Launch HN: BoardBoss, enhancing physical board games with AR and Computer Vision - yeldarb
https://boardboss.com
======
yeldarb
Excited to share our new app, BoardBoss, which brings the best features from
apps to physical board games.

Our core belief is that games are way more fun to play in real life with your
friends around a table than with your nose in screen. But there are trade-
offs; some features currently are only available via software. Our goal is to
merge the best of the digital and physical worlds.

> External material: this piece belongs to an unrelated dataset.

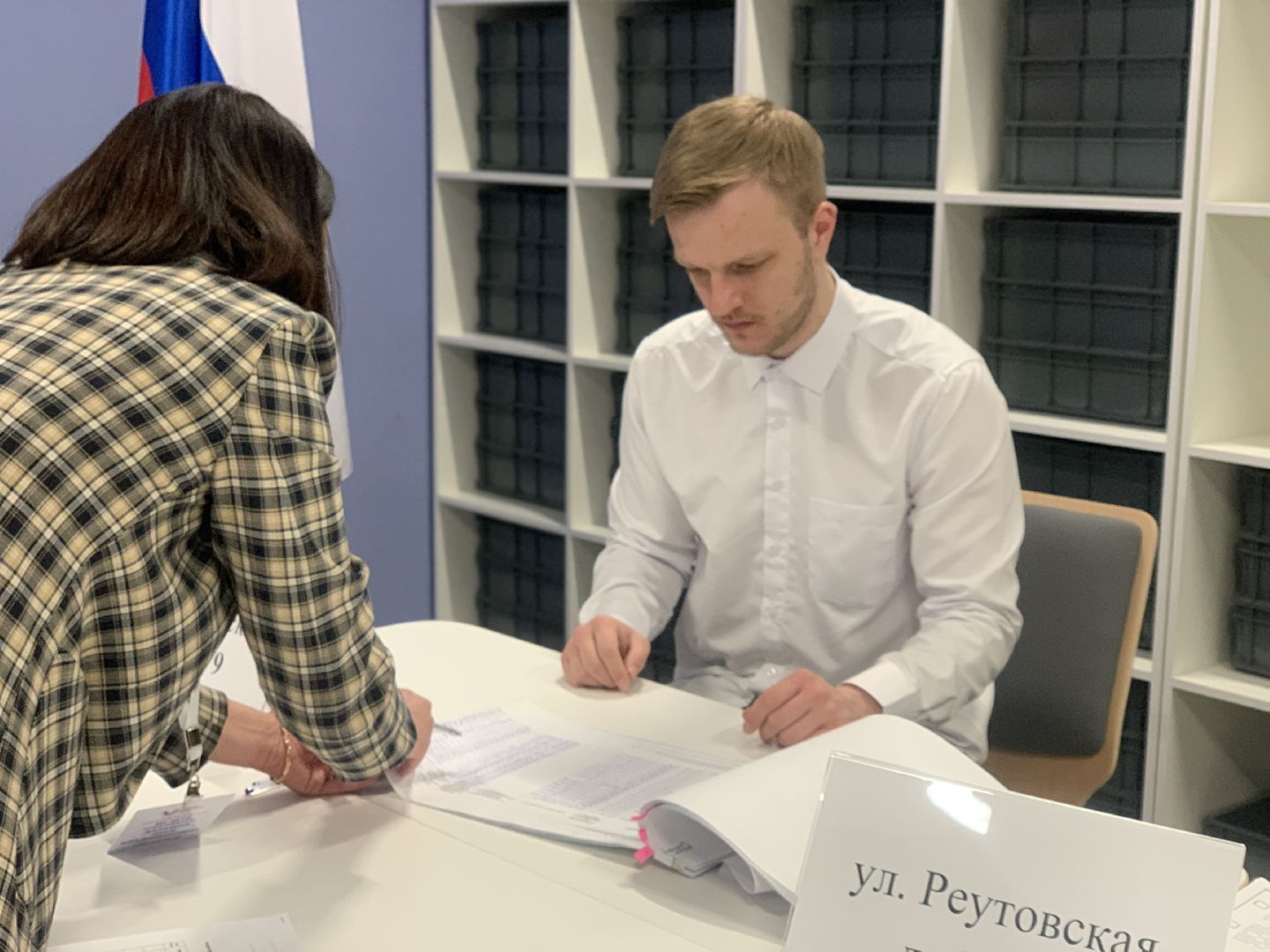 Балашиха, Подмосковье, выборы президента россии, выборы президента 2024,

The first game we enhance is Boggle (where you try to find words in a letter
grid). The challenge with playing Boggle in real-life is that if there's a
good word that nobody finds you'll never know. You're only improving your
skill as quickly as the best player around the table. With BoardBoss, you scan
the board at the end of the game and it shows you the words everyone missed.
This is a feature common in Boggle apps that wasn't feasible when playing in
real-life.

Our plans are to expand to other games soon. Last week we built the prototype
for adding Chess[1] to the app and we previously launched a proof of concept
that solved Sudoku puzzles[2].

Curious what other board games you play and whether you have ideas for how
they could be enhanced with software features.

[1]
[https://news.ycombinator.com/item?id=21162466](https://news.ycombinator.com/item?id=21162466)

[2]
[https://twitter.com/braddwyer/status/910030265006923776](https://twitter.com/braddwyer/status/910030265006923776)